The milestone was achieved on the morning and evening tide on 28 April 2014, resulting in a total of 2,028,105 tonnes exported.
As a result, the port managed 24 vessel movements in the 24 hour period.
It is understood iron ore production capacity expansions from the port’s major users, BHP Billiton, and in particular, Fortescue Metals Group is behind the increased export volumes.
The month of April also saw a new record achieved for the largest amount of product exported on a single tide, with 1,111,109 tonnes on 6 April 2014.
However it’s not all good news for Australia’s best-known commodity.
Iron ore prices took another slide overnight, down 2.3 per cent to US$108.60.
As a result, iron ore miner shares were down in early trade with BC Iron losing 3.3 per cent, FMG down 2.5 per cent and Mount Gibson Iron Limited also down 2.5 per cent.
As always, the major diversified players were more sheltered with Rio Tinto down 1.1 per cent and BHP 0.7 per cent.
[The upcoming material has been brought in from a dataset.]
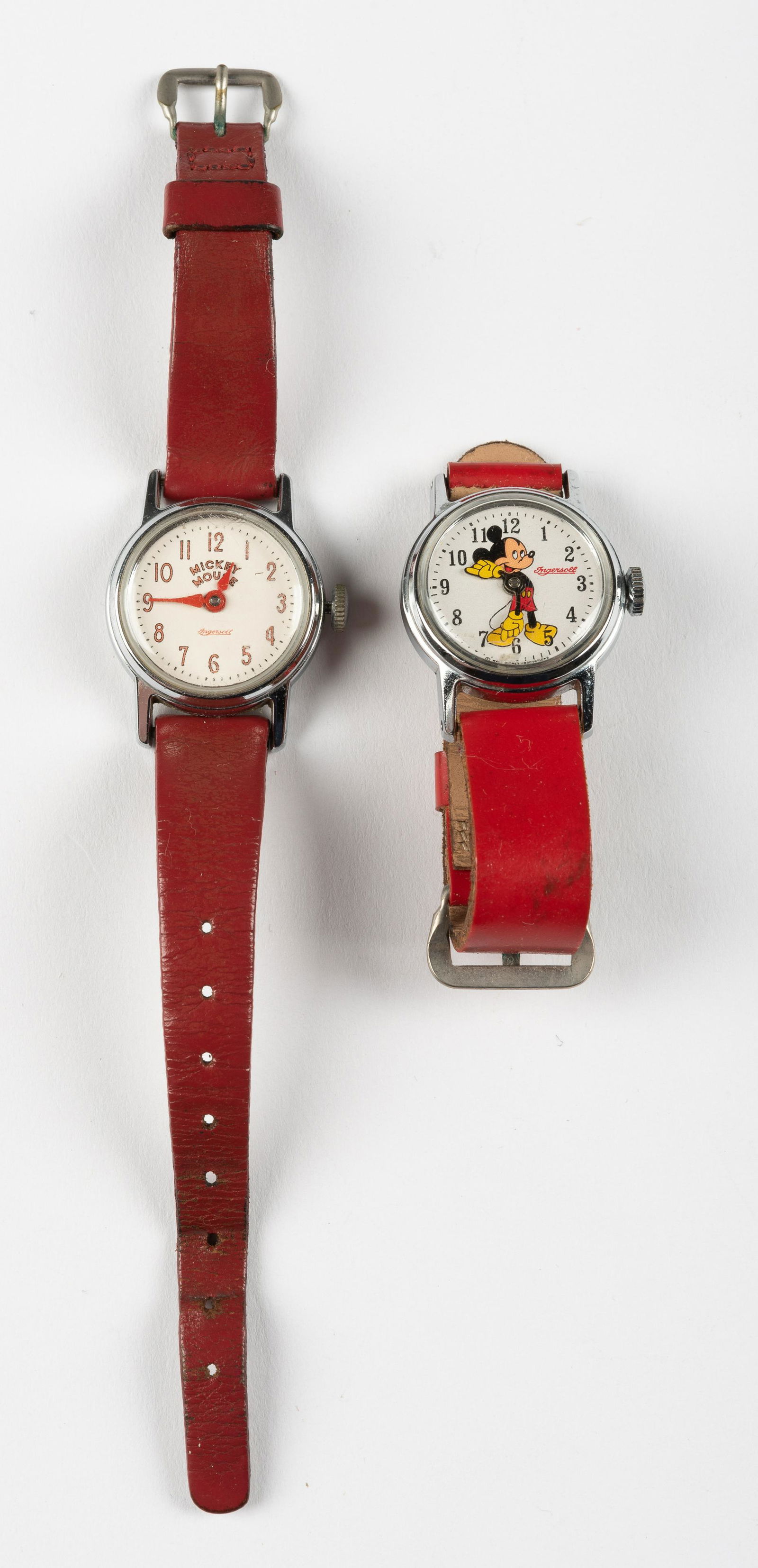2 Ingersoll Mickey Mouse Watches (1 of 5)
The skittish reaction to the iron ore spot price fall comes amid mounting speculation a flood of oversupply will come online, coupled with credit worries out of China.
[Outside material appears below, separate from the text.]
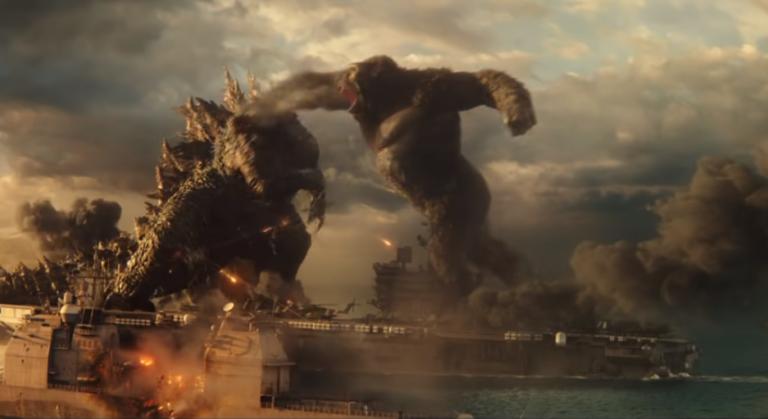 Csak King Kong mentheti meg a világot Godzillától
Reuters reports China’s banking regulator has urged local authorities and banks to step up investigations into iron ore financing deals in a bid to minimise default risks.
This raised fears that commodities-backed financing will halt and cause an oversupply as ore is sold from ever-growing stockpiles of over 100 million tonnes.
“If traders are unable to get more financing, they may sharply cut prices on the inventory they hold to obtain cash, and that will cause ore price to plummet,” Ren Xinlei, an analyst at Luzheng Futures told Bloomberg.